Pacritinib commonly causes gastrointestinal toxicity. Bleeding risk, QT prolongation, thrombosis, and cardiac events should also be considered. Momelotinib may improve anemia but can still cause thrombocytopenia or neutropenia. Non-hematologic effects include gastrointestinal toxicity, dizziness, hypotension, hepatotoxicity, and peripheral neuropathy. Secondary malignancies have been reported across JAK inhibitor therapy and should be considered during long-term monitoring.
What Comes Next in MF Therapy
Increasing attention is being directed toward true disease modification. Improvements in BMF grade, mutation burden, and long-term survival are emerging endpoints. Novel agents targeting erythropoiesis, apoptosis, bromodomain signaling, telomerase activity, or fibrosis are being explored alongside JAK inhibition.
A systematic review of PubMed, ClinicalTrials.gov, and major hematology conference abstracts (2013-2024) was conducted to identify emerging Myelofibrosis therapies, with shortlisted agents selected based on positive phase II data, adequate enrollment, recent trial completion, and likelihood of regulatory advancement (Chan T.W. et al., 2025).
The search strategy identified 48 molecules, of which 16 met selection criteria: four approved JAK inhibitors, seven therapies in phase III development, and five in phase II.

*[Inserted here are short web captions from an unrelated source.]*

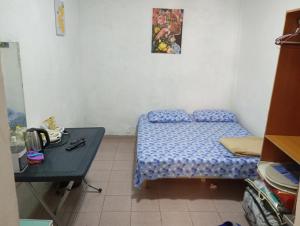 a small bedroom with a bed and a table at Private Studio 17 in Tirana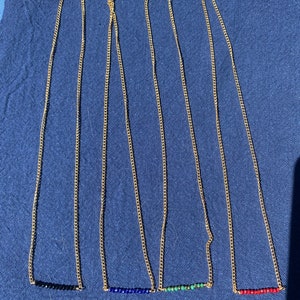 May include: Four gold chain necklaces with different colored gemstone bars. The necklaces are laid out on a blue fabric surface. The gemstones are black, blue, green, and red.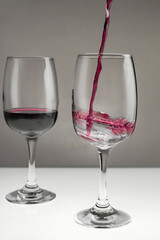 Red wine is poured from a bottle into a glass on a blurred background, close-up.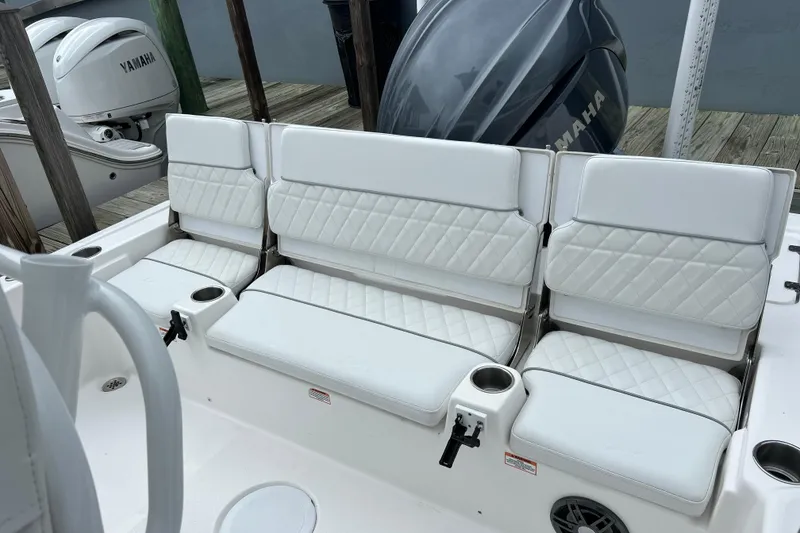 Slide: The Image of 2024 Sea Fox 251 Bay Fox boat with white cushioned seating and Yamaha outboard engines. - 47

Jaktinib, a pan-JAK/ACVR1 inhibitor, has shown encouraging interim phase III results versus hydroxyurea with fewer hematologic toxicities, including lower rates of anemia (25.5% and thrombocytopenia (17.0%). Navtemadlin (oral, selective MDM2 inhibitor for TP53 wild-type MF) demonstrated improved week-24 outcomes over best available therapy in patients relapsed or refractory to ruxolitinib, with biomarker reductions suggesting possible disease-modifying activity.
Imetelstat, a first‐in‐class telomerase inhibitor, has generated particular interest after phase II data showed median OS of 29.9 months, with matched comparisons suggesting survival improvement vs best available therapy, the phase III IMpactMF interim analysis is anticipated in the second half of 2026.
CALR-directed therapies are emerging as a mutation-specific approach. INCA33989, a monoclonal antibody targeting mutant CALR-positive CD34+ cells, has shown preclinical potential to reduce megakaryocyte accumulation and suppress self-renewal of malignant stem/progenitor cells. Early clinical trials are underway to develop bispecific antibodies that bind CD3 and mutant CALR cells, redirecting T cells against the malignant clone.
The Rise of Rational Combinations
Interim phase 3 MANIFEST-2 data showed that pelabresib (bromodomain inhibitor) plus ruxolitinib improved clinical outcomes with good tolerability vs ruxolitinib alone in JAK inhibitor-naïve patients with intermediate-1 or higher-risk MF, supporting a potential shift toward upfront combination therapy.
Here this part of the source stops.